Mutation rate and subtype specific mutation

MBDcap-seq is a DNA sequencing technology capturing methylated regions by utilizing affinity between MBD protein and methylated DNA sequence. To investigate the relationship between methyl-CpG mutation and their methylation level, genome wide point mutation discovery (matches short reads to the hg19 build) was performed on MBDcap-seq data by using the mpileup algorithm in the Samtools suite (version 0.1.19) [43]. Minimum base quality for a base to be considered was set to 13, and maximum reads per sample was set to 250. By incorporating sequence and quality information and mismatch sharing rates across the samples, every read having mismatches with the reference genome was statistically tested to determine whether or not the observation was due to sequencing error. In order to reduce false mutation detection caused by misaligments and indel, base alignment quality (BAQ), Phred-scaled probability of a read based being misaligned, is applied to each base [44]. In addition, anomalous read pairs in variant calling were skipped. Finally, mutation rates within a certain methylation range across the tumor subtypes were computed. We defined mutation rate as the ratio of number of cytosine substitution occurrence over the number of all CpG sites. In order to estimate statistical significant of computed mutation rate within certain methylation range, the mutation rate information is pooled into subtypes and tested by ANOVA with Bonferroni correction. In addition to detecting variants from all samples, subtype specific mutations were also measured. Each detected mutation was checked as to whether the observation was from all samples or only certain tumor subtype samples. We defined a subtype specific mutations as those that occurred in at least 30% of a particular subtype but in less than 10% of the other two subtypes.

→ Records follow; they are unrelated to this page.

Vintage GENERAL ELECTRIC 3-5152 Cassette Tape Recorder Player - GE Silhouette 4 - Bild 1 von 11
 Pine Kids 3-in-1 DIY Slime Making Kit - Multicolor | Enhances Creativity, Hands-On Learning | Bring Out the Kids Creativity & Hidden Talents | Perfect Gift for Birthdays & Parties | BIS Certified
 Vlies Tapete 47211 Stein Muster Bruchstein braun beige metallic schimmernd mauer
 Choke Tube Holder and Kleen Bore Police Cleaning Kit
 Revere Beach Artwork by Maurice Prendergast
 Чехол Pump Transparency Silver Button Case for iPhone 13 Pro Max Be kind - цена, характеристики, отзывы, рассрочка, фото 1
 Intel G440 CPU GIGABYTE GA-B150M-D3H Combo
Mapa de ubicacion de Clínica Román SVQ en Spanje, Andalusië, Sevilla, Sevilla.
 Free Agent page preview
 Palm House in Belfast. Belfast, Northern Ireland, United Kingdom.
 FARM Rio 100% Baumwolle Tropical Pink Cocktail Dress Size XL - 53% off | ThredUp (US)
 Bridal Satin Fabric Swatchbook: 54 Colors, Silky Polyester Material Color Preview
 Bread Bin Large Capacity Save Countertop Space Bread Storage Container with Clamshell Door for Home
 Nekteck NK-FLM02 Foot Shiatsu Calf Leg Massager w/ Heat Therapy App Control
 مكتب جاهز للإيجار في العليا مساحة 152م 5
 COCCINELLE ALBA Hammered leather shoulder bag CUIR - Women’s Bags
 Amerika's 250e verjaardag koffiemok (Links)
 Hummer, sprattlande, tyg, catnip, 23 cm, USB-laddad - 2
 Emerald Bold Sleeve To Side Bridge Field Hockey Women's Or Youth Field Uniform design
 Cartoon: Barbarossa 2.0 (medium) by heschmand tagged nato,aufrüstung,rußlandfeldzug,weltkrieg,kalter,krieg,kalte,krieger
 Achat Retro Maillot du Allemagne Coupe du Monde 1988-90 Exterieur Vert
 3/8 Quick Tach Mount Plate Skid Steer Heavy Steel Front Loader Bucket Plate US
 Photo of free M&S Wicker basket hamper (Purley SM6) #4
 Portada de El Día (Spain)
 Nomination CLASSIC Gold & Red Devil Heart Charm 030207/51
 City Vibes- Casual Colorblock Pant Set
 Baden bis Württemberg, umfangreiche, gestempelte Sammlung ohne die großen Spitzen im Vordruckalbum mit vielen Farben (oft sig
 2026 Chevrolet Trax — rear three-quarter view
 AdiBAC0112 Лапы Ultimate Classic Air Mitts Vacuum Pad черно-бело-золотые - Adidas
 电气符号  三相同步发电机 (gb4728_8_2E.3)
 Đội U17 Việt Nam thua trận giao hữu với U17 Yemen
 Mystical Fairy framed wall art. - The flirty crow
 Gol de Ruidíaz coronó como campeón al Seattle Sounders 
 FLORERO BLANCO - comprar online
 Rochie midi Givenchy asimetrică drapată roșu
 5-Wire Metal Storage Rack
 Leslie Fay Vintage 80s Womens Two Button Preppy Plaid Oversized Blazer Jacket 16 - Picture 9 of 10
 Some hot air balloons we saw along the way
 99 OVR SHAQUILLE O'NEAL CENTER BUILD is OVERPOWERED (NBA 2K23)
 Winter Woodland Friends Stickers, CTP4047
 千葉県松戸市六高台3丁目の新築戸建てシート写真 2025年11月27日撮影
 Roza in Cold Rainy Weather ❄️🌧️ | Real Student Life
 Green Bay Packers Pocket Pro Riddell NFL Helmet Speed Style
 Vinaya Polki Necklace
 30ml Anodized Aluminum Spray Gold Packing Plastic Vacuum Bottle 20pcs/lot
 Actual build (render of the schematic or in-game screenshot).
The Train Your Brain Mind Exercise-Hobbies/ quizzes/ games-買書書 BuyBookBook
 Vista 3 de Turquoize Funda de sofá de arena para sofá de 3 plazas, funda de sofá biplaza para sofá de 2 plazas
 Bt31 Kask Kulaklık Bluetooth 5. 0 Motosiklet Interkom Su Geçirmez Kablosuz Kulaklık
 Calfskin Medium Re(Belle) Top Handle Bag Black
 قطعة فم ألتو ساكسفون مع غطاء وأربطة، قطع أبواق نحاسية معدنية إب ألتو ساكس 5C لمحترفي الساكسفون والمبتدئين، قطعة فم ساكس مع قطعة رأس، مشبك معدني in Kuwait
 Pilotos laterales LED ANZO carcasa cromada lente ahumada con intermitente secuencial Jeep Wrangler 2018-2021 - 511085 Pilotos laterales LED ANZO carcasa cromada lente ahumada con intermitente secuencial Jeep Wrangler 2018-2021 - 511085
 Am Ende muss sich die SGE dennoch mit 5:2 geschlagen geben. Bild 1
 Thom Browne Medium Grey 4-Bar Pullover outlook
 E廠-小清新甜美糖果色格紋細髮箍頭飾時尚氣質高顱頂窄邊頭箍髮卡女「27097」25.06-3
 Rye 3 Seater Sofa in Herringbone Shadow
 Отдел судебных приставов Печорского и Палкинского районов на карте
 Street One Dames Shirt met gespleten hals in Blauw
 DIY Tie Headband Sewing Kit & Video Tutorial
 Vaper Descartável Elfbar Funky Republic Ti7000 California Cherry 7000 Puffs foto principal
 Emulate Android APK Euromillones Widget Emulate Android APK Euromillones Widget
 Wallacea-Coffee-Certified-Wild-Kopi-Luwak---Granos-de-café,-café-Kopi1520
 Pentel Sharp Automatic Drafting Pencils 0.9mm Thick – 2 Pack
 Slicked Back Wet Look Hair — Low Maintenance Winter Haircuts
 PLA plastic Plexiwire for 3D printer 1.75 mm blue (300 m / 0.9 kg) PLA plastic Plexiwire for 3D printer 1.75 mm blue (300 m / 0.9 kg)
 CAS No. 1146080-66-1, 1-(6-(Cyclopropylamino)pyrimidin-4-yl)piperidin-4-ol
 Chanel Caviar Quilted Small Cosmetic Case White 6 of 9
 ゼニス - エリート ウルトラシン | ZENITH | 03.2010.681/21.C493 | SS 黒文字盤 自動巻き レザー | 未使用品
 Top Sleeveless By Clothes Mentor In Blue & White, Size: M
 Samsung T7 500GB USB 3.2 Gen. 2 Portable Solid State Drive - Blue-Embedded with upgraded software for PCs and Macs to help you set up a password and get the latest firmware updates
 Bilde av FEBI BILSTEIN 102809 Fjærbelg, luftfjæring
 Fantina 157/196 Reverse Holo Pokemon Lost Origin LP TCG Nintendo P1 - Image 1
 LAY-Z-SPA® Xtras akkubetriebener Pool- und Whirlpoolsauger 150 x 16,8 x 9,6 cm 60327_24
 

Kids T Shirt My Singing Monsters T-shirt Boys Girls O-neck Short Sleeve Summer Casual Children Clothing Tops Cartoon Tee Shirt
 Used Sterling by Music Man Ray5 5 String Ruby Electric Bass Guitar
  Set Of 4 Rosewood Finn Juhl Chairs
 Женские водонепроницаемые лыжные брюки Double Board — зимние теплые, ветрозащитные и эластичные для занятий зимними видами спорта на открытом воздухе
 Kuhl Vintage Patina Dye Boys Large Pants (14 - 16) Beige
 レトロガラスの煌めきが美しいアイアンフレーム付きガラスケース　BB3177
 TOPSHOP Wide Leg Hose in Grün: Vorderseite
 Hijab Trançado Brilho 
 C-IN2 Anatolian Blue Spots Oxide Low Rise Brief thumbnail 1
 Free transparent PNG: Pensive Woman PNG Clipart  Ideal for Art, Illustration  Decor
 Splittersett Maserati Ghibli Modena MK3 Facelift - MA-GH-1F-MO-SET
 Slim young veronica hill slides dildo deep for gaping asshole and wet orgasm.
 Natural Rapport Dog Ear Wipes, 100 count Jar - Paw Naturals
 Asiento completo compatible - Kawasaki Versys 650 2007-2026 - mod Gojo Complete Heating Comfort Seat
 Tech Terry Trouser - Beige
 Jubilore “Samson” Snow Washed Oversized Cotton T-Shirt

Whole schematic analysis workflow is illustrated in Fig. 1.
Fig. 1

Workflow for the methylation and mutation analysis of 30 breast cancer cell lines. A total of 30 breast cancer cell lines representing molecular subtypes of the disease were examined in this study. Analysis starts with quality control and normalization on both MBDcap sequencing data and Affimatrix gene expression data, and methylation and expression level were measured. During integrated analysis, subtype comparison was performed to estimate differentially expressed genes (DEG)s and differentially methylated regions (DMR)s. Experimentally validated transcription factor binding site (TFBS) information is used to estimate TFBS specific methylation level in promoter and CpGI shore overlapped region, and correlation was measured with downstream gene expression. By utilizing mutation information estimated from MBDcap sequencing, subtype specific mutation rate over methylation level was measured. Finally, single base pair resolution bisulfite treatment sequencing was performed to validated the methylation status measured by MBDcap sequencing

Results

Genome wide methylation profile and differentially methylated regions

Genome wide methylation landscape was determined in 30 breast cancer cell lines MBDCap-seq. Methylation profiling using more than 30 million reads covered 23,149,286 CpG sites, 25,974 CpG islands, 54,543 CpGI shores, and 38,208 promoter regions (82, 91, 95, and 99% of the total in the human genome, respectively), and for overlapped regions, 10,910 promoter-CpGI and 16,227 promoter-CpGI shores (90 and 98% of total in human genome) were covered. A total 4,366 differentially methylated 100bp-bins corresponding to 2,055 differentially methylated regions (DMRs; MEDIPS package, adjusted P-value (Bonferroni) < 0.05) were determined (see Methods). 126 DMRs were identified in the luminal and basal A pair, 1,136 in the luminal and basal B pair, and 793 in the basal A and basal B pair. Statistics of differentially methylated bins were further grouped according to the genomic regions such as 3UTR, 5UTR, exon, intron, promoter, CpGI, CpGI shelf, and CpGI shore. Notably large number of differentially methylated bins were observed in intron and CpGI shore region from Lu-BaB pair and BaA-BaB pair (Fig. 2 a). Then, based on these comparison results, hypomethylation ratio of each subtype was further measured. In both intron and CpGI shore region, more than 75% (BaA-BaB pair) and 50% (Lu-BaB pair) of differentially methylated bins are hypomethylated in Basal B subtype (Fig. 2 b). Hypomethylation ratio of other regions are in Supplementary Figure S1 (see Additional file 1).
Fig. 2

a Bar plots demonstrate the number of differentially methylated bins for each pair-wise tumor type comparisons. Significance of each bin methylation on each genomic region between two subtypes are tested by t-test and adjusted with Bonferroni correction (P.adj-value < 0.05). b Ratio of hypo methylation in intron and CpGI shore regions. Each color represents hypo methylation ratio of certain tumor subtype among differentially methylated bins. Hypo methylation ratio of other regions are in Supplementary Figure S1 (see Additional file 1)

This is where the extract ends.